------ Data in this exercise

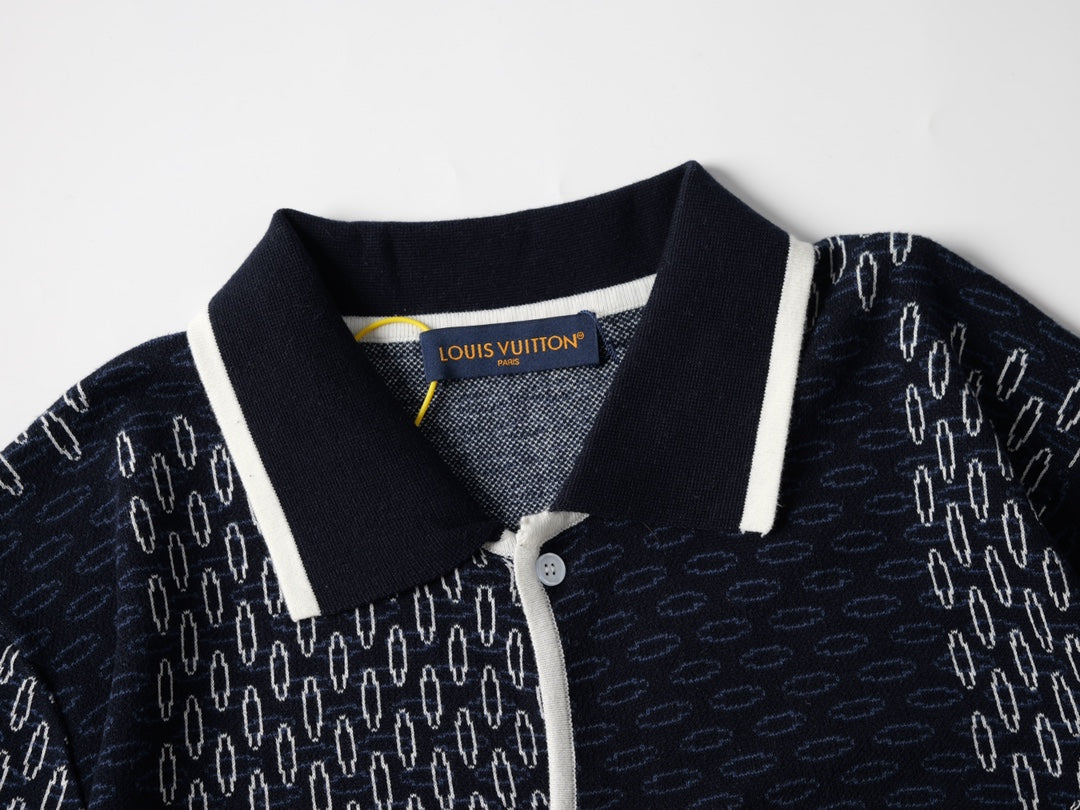 LV checked Knit Shirt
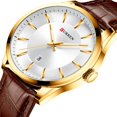 thumbnail image 3 of Reloj Análogo para Hombre Correa Ajustable Resistente al Agua CURREN RELOJ CURREN LETT, 3 of 6
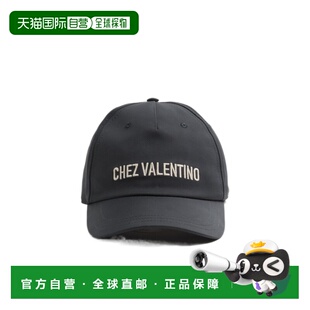 香港直邮VALENTINO 男士帽子 YHDA41UND9RA SS2026 黑色 圆顶棒球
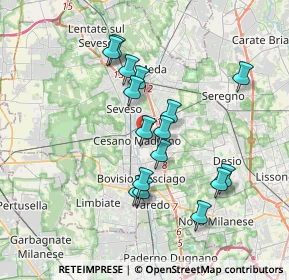 Mappa 20031 Cesano Maderno MB, Italia (3.24375)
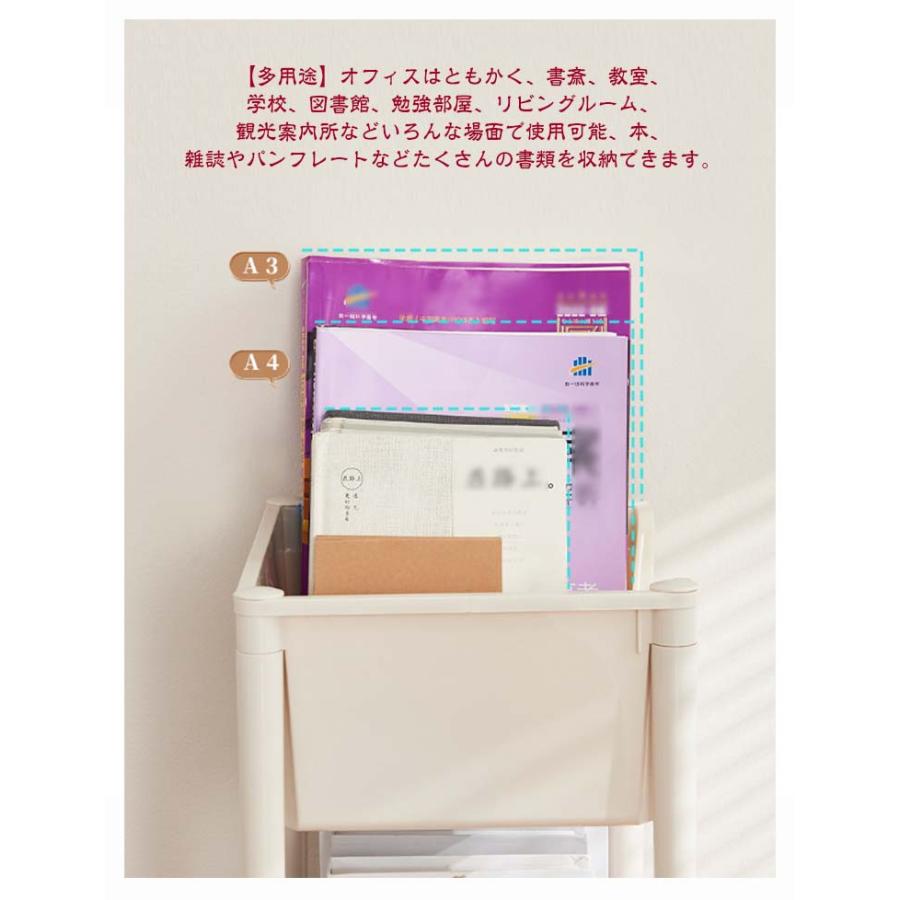 ファイルワゴン キャスター付き ファイルラック 3段 大容量 A3 A4
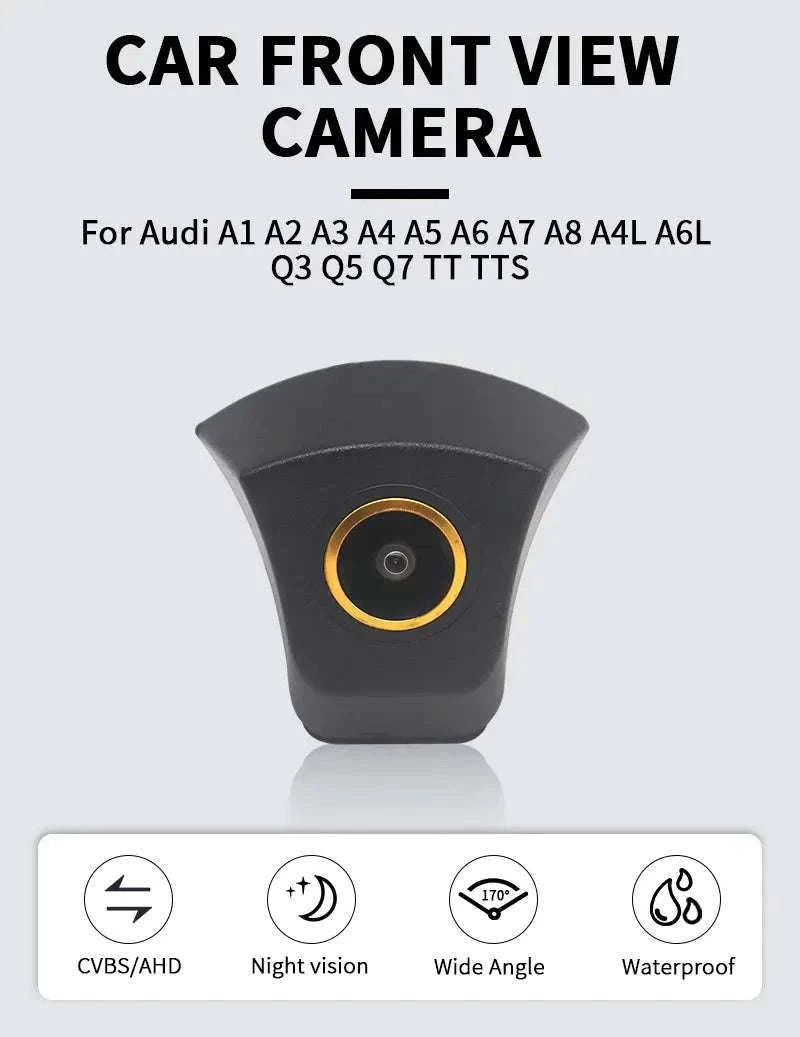 Audi Front View Camera with 170° Wide Angle AHD Lens Upgrade-Front View Camera / 12 V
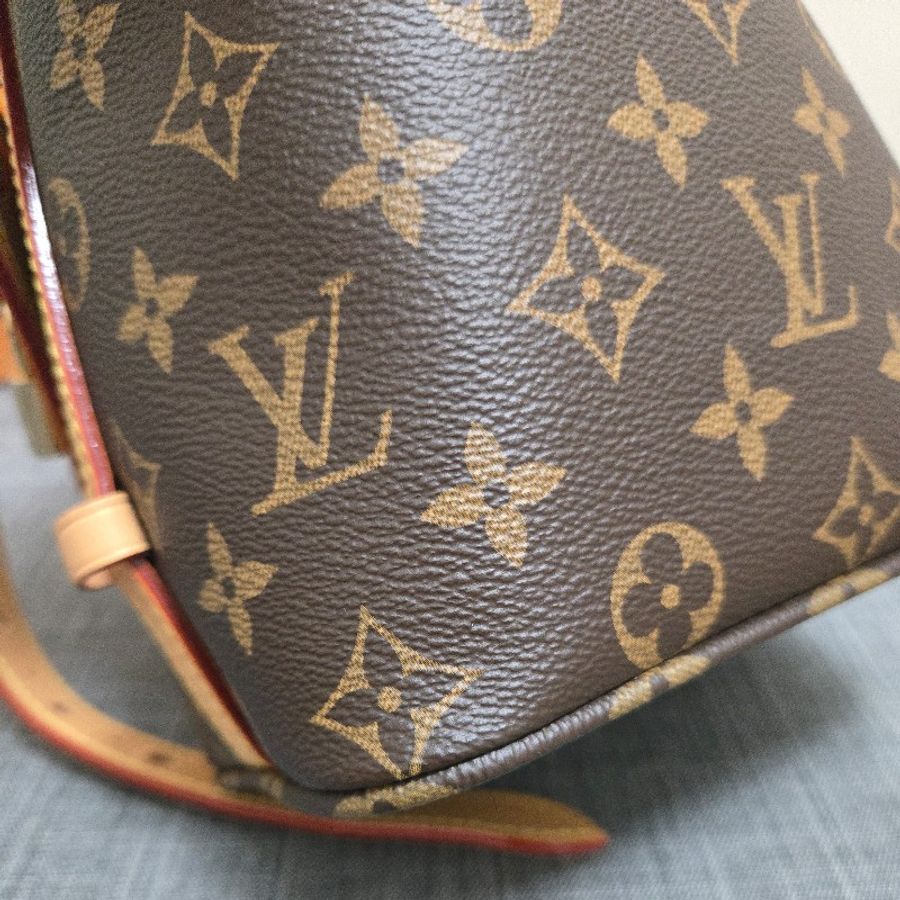 LV M12925 新款 all in BB 老花 原花 肩背包 斜背包 手提包 腋下包-12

------------

__To do__
Leave out each picture and extract the lines from the one containing "Audi Front View" through the end of the records above, inclusive, exactly as they stand.

__Written answer__
 Audi Front View Camera with 170° Wide Angle AHD Lens Upgrade-Front View Camera / 12 V
 LV M12925 新款 all in BB 老花 原花 肩背包 斜背包 手提包 腋下包-12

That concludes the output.